[Mesa-dev] [PATCH v2] glsl: move uniform calculation to link_uniforms

Wed Jan 20 01:44:05 PST 2016

On 01/20/2016 11:31 AM, Ilia Mirkin wrote:
> On Wed, Jan 20, 2016 at 4:22 AM, Tapani Pälli <tapani.palli at intel.com> wrote:
>> On 01/20/2016 11:16 AM, Ilia Mirkin wrote:
>>> On Wed, Jan 20, 2016 at 4:09 AM, Tapani Pälli <tapani.palli at intel.com>
>>> wrote:
>>>> On 01/20/2016 10:26 AM, Ilia Mirkin wrote:
>>>>> On Tue, Jan 19, 2016 at 6:35 AM, Tapani Pälli <tapani.palli at intel.com>
>>>>> wrote:
>>>>>> On 01/19/2016 01:14 PM, Ilia Mirkin wrote:
>>>>>>> The data structure is a (memory) heap... there appears to be one in
>>>>>>> mesa/main/mm.h. There's also one in nouveau_heap.h which is quite
>>>>>>> simple and totally unreliant on nouveau, just happens to be there. How
>>>>>>> hard would it be to integrate something like that?
>>>>>>>
>>>>>>> The trouble with adding slow things is that you forget about them, and
>>>>>>> they're not _that_ slow, but this stuff adds up.
>>>>>>
>>>>>> The solution I had in mind is to build a list of empty slots when
>>>>>> allocating
>>>>>> remaptable or while finding slots (keep pushing unused empty slots to
>>>>>> list)
>>>>>> ... but if possible I would prefer optimization later. First of all,
>>>>>> this
>>>>>> is
>>>>>> quite exotic path to hit with a real program (last words ... yes yes).
>>>>>> Secondly, and more importantly, we can apply for certification sooner,
>>>>>> there
>>>>>> are very few failures left.
>>>>> I see you pushed this patch without concluding this discussion.
>>>>> Certification may be something that you (personally, as a company,
>>>>> whatever) are striving for, but that doesn't mean that you get to
>>>>> ignore reviewer feedback.
>>>>
>>>> I'm sorry if you have that impression but I'm not ignoring review
>>>> feedback.
>>>> I agree that the find function is not 'optimal' and have planned how to
>>>> optimize it and I'm happy with any changes if someone wants to optimize
>>>> and
>>>> refactor it instead. However, I've noticed this to be not a bottleneck
>>>> and
>>>> cold path so because of the schedule I'm asking to do this later.
>>>>
>>>>> Perhaps in the end you're actually right, I don't know, but we
>>>>> certainly didn't agree on anything. I'm inclined to push out a revert
>>>>> while this is being sorted out.
>>>>
>>>> I'm surprised to see this as such a big deal.
>>>>
>>>> // Tapani
>>>>
>>> The big deal is pushing the patch before concluding the discussion.
>>>
>>> Getting back to the matter at hand, what's the absolute worst case
>>> here? How big does the UniformRemapTable get? How many times can this
>>> function get called?
>>
>> As example with Intel Haswell we have max as 98304, this is the biggest size
>> with HSW.
>>
>> This function gets called only if the remaptable has 'holes' in it, meaning
>> that explicit uniforms locations get scattered in this available space, I
>> consider this very rare for anyone or some engine to do. It could only
>> really happen if you use both explicit locations (non continuous locations)
>> and implicit locations together.
> So... what's the worst case? What would that test look like? How long
> would it take to execute?

A shader that has max amount of uniforms possible. They need to be 
invidual (not arrays or structs), declare half of them with explicit 
location so that they fill every other location (leaving as much holes 
as possible), this should be the worst case.

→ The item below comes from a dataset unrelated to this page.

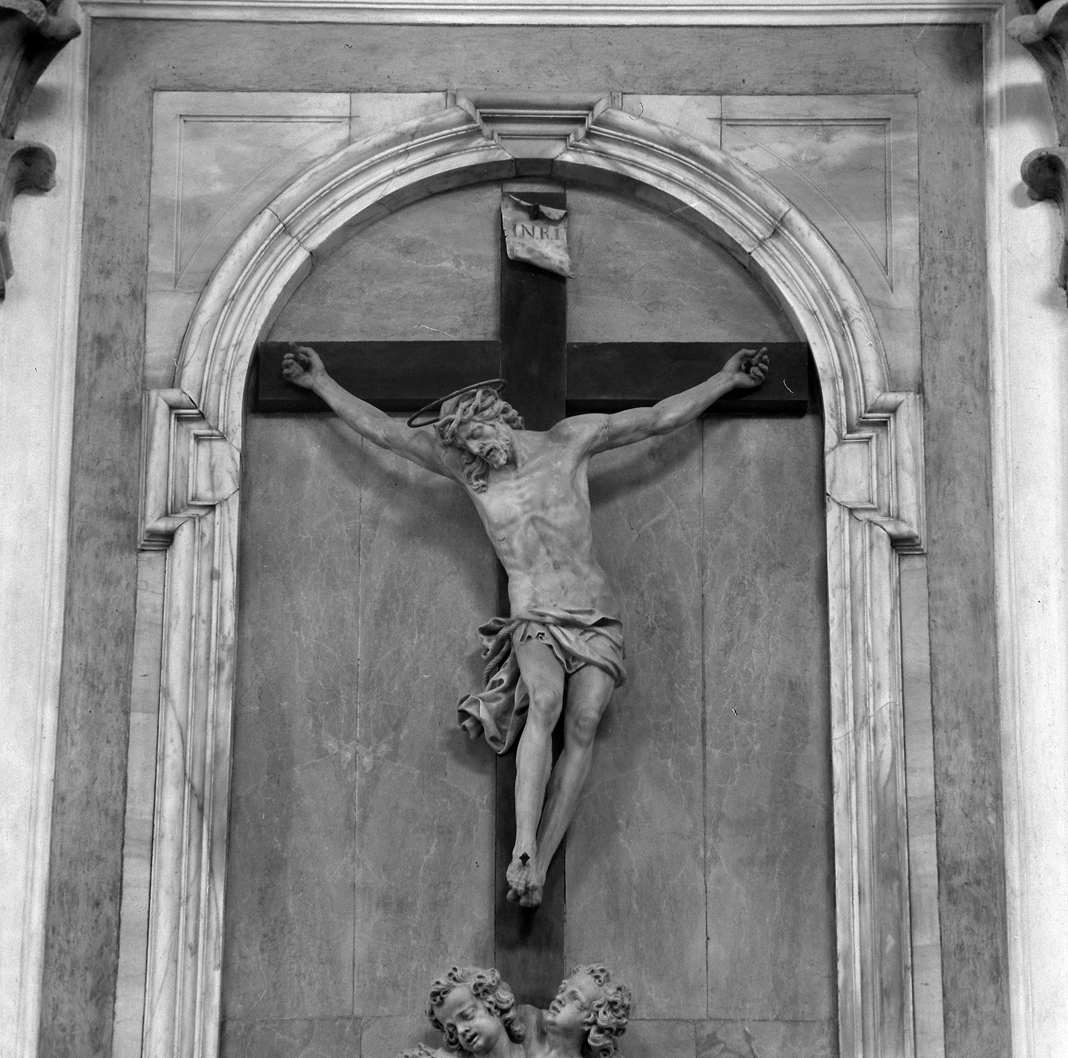 Cristo crocifisso (scultura, elemento d'insieme) di Tagliapietra Alvise (sec. XVIII)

> The fact that it's rare isn't that interesting to me. You put in a
> very slow algorithm when a faster one isn't considerably harder to do.
> Basically a linked list of free/used areas... search through them to
> find a block of the appropriate size, and split it into used/non-used
> sections (combining with adjacent areas). This is what nouveau_heap
> implements, and is fully reusable (if moved). Or the mesa/main/mm impl
> which at first glance implements the same thing, but I'm not 100%
> sure.
>
> But perhaps the worst case isn't as bad as I think it is. So what
> would a worst case shader/usage have to look like? Shouldn't be too
> difficult to write and benchmark, and if it's still fairly fast, that
> would counter my performance argument quite nicely as well.

Sorry but I don't feel I need to prove something here, I haven't yet 
seen any actual proof that my algorithm would be too slow. When we have 
rest of the defects fixed I will get back to this as well as other 
planned cleanups for program resource lists.

// Tapani